Earlier this month, the Minister in the Presidency for Women, Youth and Persons with Disabilities, Maite Nkoana-Mashabane, officially launched South Africa’s Disability Rights Awareness Month 2021, under the theme: “The Year of Charlotte Mannya Maxeke – Create and realise an inclusive society upholding rights of persons with disabilities”
. The United Nations adopted the theme “Leadership and participation of persons with disabilities toward an inclusive, accessible and sustainable post-Covid-19 world”.
Andre Michau, Director of Afroteq Advisory
Andre Michau, Director of Afroteq Advisory, who himself has an immediate family member that is disabled, states that an estimated 15% of the global population, equating to more than one billion people, currently live with a disability. “In South Africa, approximately 5 million (or 1 in ten) South Africans are disabled. As a nation, we need to look critically at our corporate and commercial spaces to make sure they accommodate the special needs of these citizens. It is our civic duty to remove any barriers to entry that might make it difficult or hard for them to contribute to the economy and compete fairly in the job market,” he says.
When it comes to the protection and rights of persons with disabilities, South Africa’s overarching framework remains the Constitution of the Republic of South Africa (1996), which states in the Bill of Rights that “everyone is equal before the law and has the right to equal protection and benefit of the law.” No person or body, including the State and private companies, may unfairly discriminate directly or indirectly against any person on one or more grounds including race, gender, colour, age or disability.
The UN also states that employment and working conditions must be responsive to accessibility and inclusive to persons with disabilities. Employers and workplaces must provide user-friendly environments and reasonable workplace adjustments based on the individual needs of their employees with disabilities. Statistics pertaining to the employment of people with disabilities in South Africa, indicate that the country is falling far short of the national target and international benchmarks.
“The corporate and professional world still has a long way to go when it comes to levelling the playing field and creating an inclusive environment for people living with disabilities. Only recently we saw how Israel's Energy Minister, Karine Elharrar, was unable to participate in the United Nation's COP26 summit held in Glasgow due to the fact that the venue was not wheelchair accessible, and that the shuttle which transported delegates to the event was also not suited for a wheelchair. All of this highlights the need to become truly mindful about transforming places of work and public spaces so that they are truly accommodating to everybody’s needs,” Michau says.
As specialist advisors to the built environment, Afroteq Advisory assists companies in transforming their workplaces into spaces that are accessible, safe and welcoming to differently abled employees and visitors. With their expert knowledge of workflow, strategic space planning and design and understanding of spatial needs, Afroteq Advisory conducts accessibility audits to evaluate companies’ universal access and compliance to legislation.

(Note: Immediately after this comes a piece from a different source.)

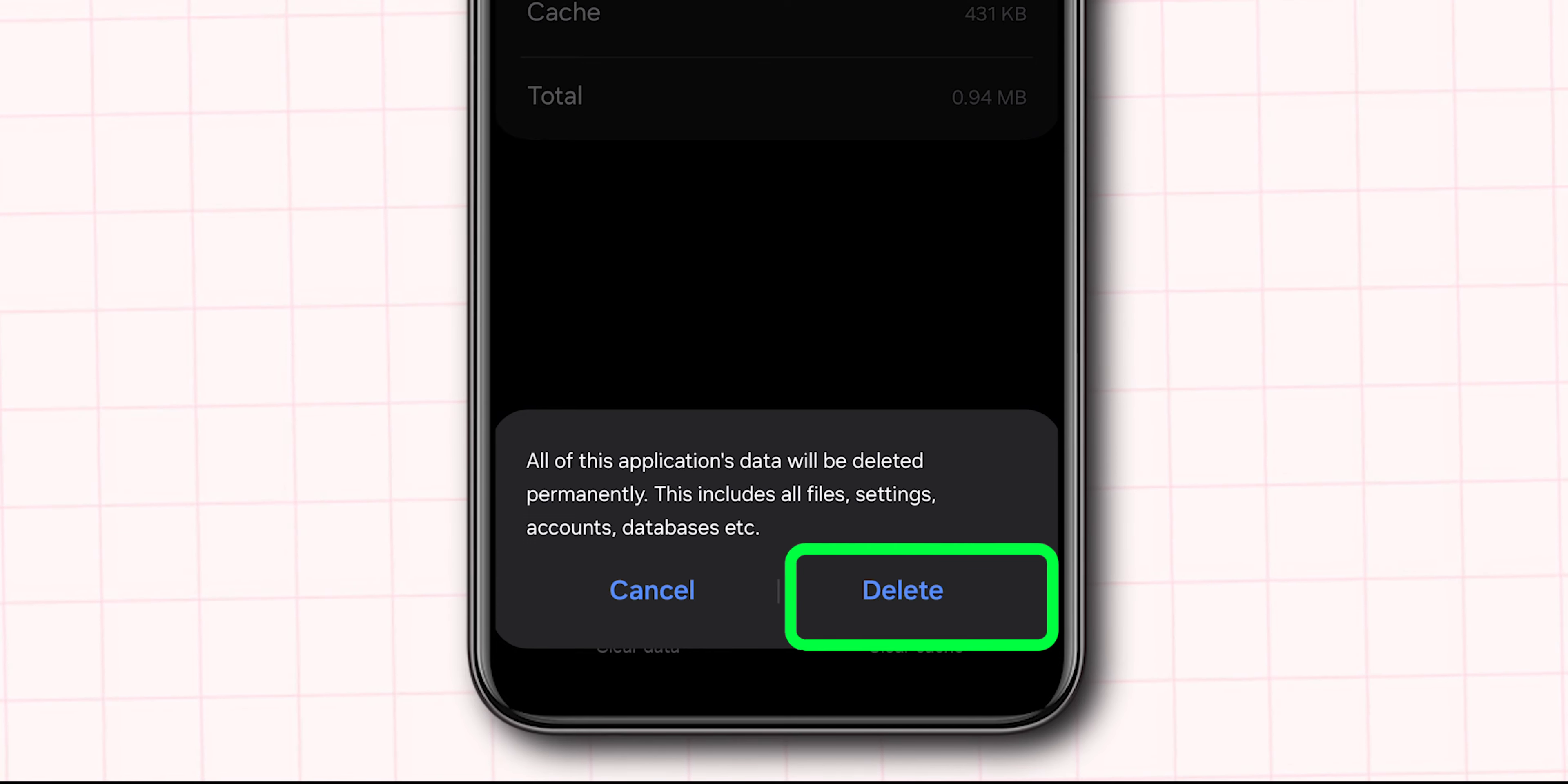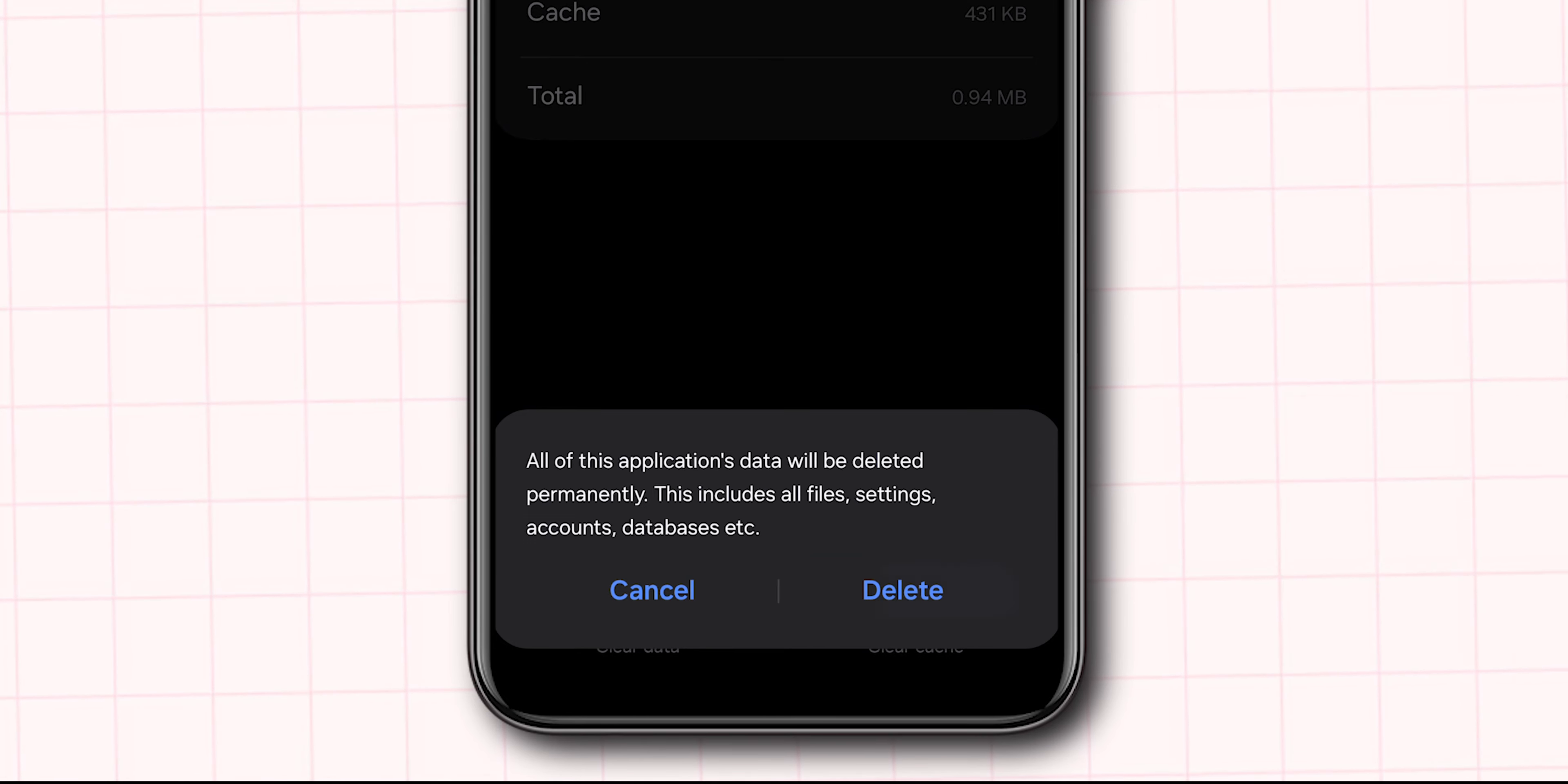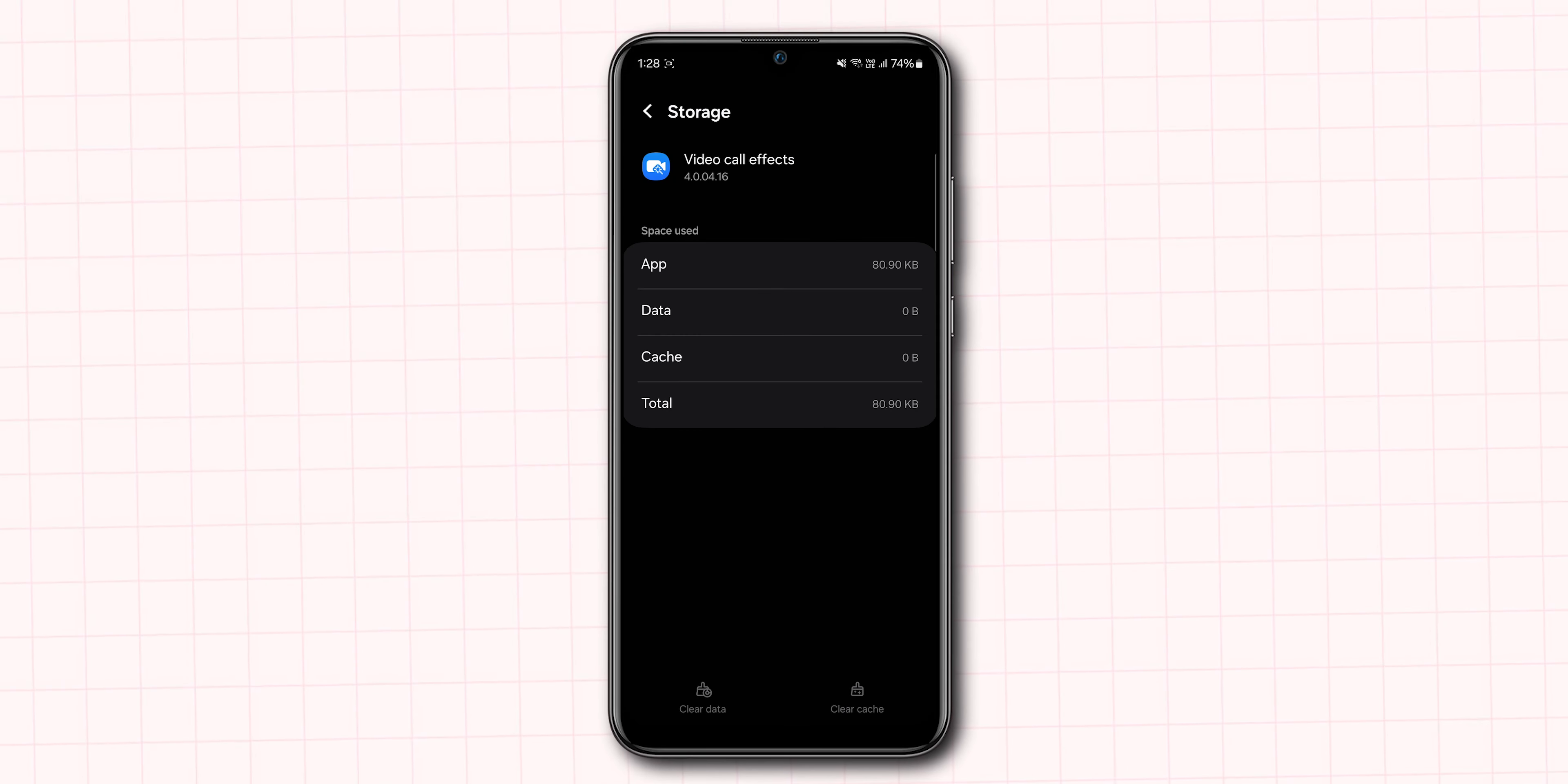How to turn off video call effects background on Samsung. Method 1: Turning off video call effects from settings.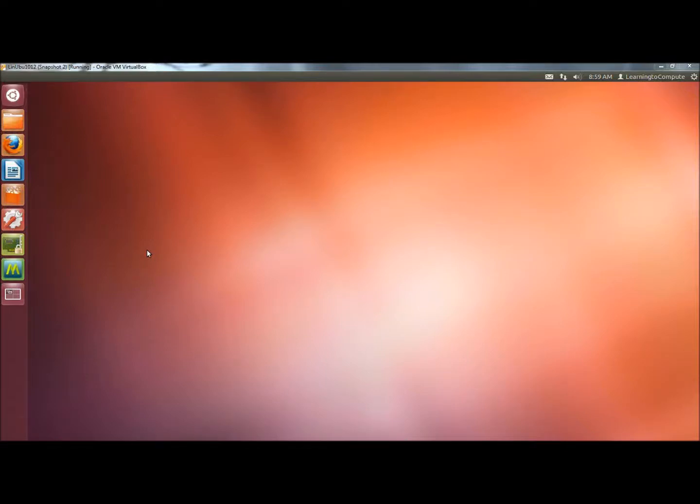Hello. In this video I'm going to show you how to hide files and folders in Linux Ubuntu. If you have sensitive information that you don't want people to view or stumble upon, then this will be a good video for you.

“An inaccessible built environment directly impacts on a person with disabilities’ ability to access healthcare and other much-needed services. This is particularly true if they are not able to use public transportation. Many buildings – including healthcare facilities – are not built with universal design principles in mind. Buildings that do not have ramps or grab rails, for example, generally pose significant challenges for persons with mobility impairments,” Michau explains.
There are several obstacles that could potentially be barriers for persons who have mobility, intellectual and visual impairments, which result in their increased vulnerability. These include uneven and rocky surfaces, things like steps, steep inclines, escalators, bollards, turnstiles, revolving doors, uneven or loose surfaces, display boards or bins as these could hamper a disabled person’s ability to get around safely; light switches, power plugs as well as lift operating buttons that are placed too high and out of reach for somebody in a wheelchair, and consider a reception counter that is wheelchair friendly.
“We encourage businesses to take a critical look at their office space and judge it from the perspective of somebody who is disabled. In the same way our nation is becoming environmentally conscious, sustainable and responsible, we also need to become socially sensitive, caring and accountable by becoming mindful about making our public and corporate spaces accessible and inclusive. Doing it need not be an overwhelming task - simply start by doing what’s necessary; then do what’s possible; and before you know it, we’ve done the impossible!” Michau concludes.